According to the concepts of classical mechanics, the kinetic energy of particles of any body should decrease with temperature. At a sufficiently low temperature the particles in a system of interacting particles will display small oscillations about the positions that correspond to the minimum potential energy of the entire body. At absolute zero the oscillations should cease and the particles should begin to occupy strictly defined positions—that is, any body should become a crystal. Therefore, the very existence of fluids near absolute zero is associated with quantum effects.
The principle that the more precisely the position of a particle is fixed, the greater the spread of values for its velocity, is valid in quantum mechanics. Consequently, even at absolute zero particles cannot occupy strictly defined positions, and their kinetic energy does not become zero. So-called zero-point vibrations remain. The weaker the force of interaction among the particles and the smaller their mass, the greater will be the amplitude of the vibrations.
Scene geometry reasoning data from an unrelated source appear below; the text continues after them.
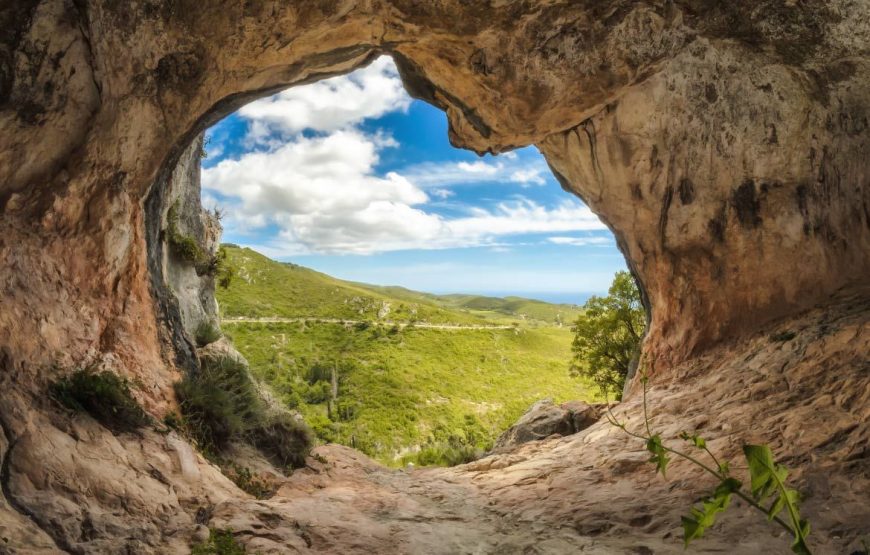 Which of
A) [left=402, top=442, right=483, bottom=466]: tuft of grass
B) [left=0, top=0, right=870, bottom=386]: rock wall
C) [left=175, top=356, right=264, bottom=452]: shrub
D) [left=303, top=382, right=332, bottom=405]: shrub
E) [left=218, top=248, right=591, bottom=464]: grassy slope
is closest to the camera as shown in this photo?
[left=0, top=0, right=870, bottom=386]: rock wall

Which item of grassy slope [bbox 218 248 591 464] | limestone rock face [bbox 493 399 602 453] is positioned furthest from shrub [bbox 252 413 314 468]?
grassy slope [bbox 218 248 591 464]

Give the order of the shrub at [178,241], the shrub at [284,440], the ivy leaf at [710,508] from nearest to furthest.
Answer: the ivy leaf at [710,508]
the shrub at [284,440]
the shrub at [178,241]

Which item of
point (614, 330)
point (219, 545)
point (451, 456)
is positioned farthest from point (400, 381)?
point (219, 545)

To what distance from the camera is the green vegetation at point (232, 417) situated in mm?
11156

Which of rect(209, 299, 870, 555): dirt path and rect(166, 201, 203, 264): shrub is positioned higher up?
rect(166, 201, 203, 264): shrub

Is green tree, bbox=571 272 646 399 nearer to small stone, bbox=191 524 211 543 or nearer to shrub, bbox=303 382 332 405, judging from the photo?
shrub, bbox=303 382 332 405

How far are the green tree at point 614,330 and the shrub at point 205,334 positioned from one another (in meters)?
20.9

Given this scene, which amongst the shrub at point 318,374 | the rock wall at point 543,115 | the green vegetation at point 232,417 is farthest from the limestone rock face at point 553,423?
the shrub at point 318,374

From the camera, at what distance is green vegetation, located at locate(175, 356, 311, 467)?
1116 centimetres

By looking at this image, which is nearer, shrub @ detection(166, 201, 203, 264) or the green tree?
shrub @ detection(166, 201, 203, 264)

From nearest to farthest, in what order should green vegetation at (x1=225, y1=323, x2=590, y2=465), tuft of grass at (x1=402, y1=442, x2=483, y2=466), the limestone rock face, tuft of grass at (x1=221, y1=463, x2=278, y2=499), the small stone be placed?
the small stone
tuft of grass at (x1=221, y1=463, x2=278, y2=499)
the limestone rock face
tuft of grass at (x1=402, y1=442, x2=483, y2=466)
green vegetation at (x1=225, y1=323, x2=590, y2=465)

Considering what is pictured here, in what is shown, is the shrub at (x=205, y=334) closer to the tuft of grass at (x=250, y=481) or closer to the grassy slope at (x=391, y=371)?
the tuft of grass at (x=250, y=481)

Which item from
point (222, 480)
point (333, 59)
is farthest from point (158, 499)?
point (333, 59)

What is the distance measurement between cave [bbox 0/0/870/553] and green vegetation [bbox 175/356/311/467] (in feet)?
2.22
If the amplitude of zero-point vibrations is comparable to the mean distance between particles of the body, then such a body can remain fluid down to absolute zero.
Of all substances only two isotopes of helium (4He and 3He) have sufficiently low mass and weak interaction among atoms at atmospheric pressure to remain fluid close to absolute zero and thus make possible the study of the specifics of a quantum fluid. Electrons in metals also have the properties of a quantum fluid.
Quantum fluids are divided into Bose fluids and Fermi fluids, depending on the difference in the properties of their particles and according to the Bose-Einstein and Fermi-Dirac statistics used to describe them. Only one Bose fluid is known—liquid 4He, whose atoms have a spin (intrinsic angular momentum) of zero. Atoms of the rarer isotope 3He and electrons in a metal have half-integral spin (1/2) and form Fermi fluids.
Liquid 4He was the first quantum fluid to be studied comprehensively. The theoretical concepts developed to explain the basic effects in liquid helium were the basis for the general theory of quantum fluids. At 2.17°K and saturation vapor pressure, 4He undergoes a second-order phase transition to the new state, He II, with specific quantum properties. The very presence of the transition point is connected with the appearance of a Bose condensate—that is, with the transition of a finite fraction of the atoms in a state having a momentum strictly equal to zero. This new state is characterized by superfluidity, which is the flow of He II without any friction through narrow capillaries and slits. Superfluidity was discovered by P. L. Kapitsa (1938) and explained by L. D. Landau (1941).
According to quantum mechanics, any system of interacting particles may exist only in certain quantum states that are characteristic of the entire system as a whole. Here the energy of the entire system may vary only in certain portions—quanta. Like an atom in which energy changes by the emission or absorption of a light quantum, in a quantum fluid a change in energy takes place by emission or absorption of elementary excitations characterized by a certain momentum p; energy ∊(p which depends on the momentum; and spin. These elementary excitations apply to the entire fluid as a whole rather than to the individual particles and are called quasiparticles because of their properties (such as the presence of momentum and spin). Sonic excitations in He II—phonons with energy ∊ = ℏcp, where ℏ is Planck’s constant divided by 2π and c is the speed of sound—are examples of quasiparticles. As long as the number of quasiparticles is small, corresponding to low temperatures, their interaction is slight, and it may be assumed that they form an ideal gas of quasiparticles. Consideration of the properties of quantum fluids on the basis of these concepts proves to be simpler, in one sense, than the study of the properties of ordinary fluids at high temperatures, when the number of excitations is great and their properties are not analogous to the properties of an ideal gas.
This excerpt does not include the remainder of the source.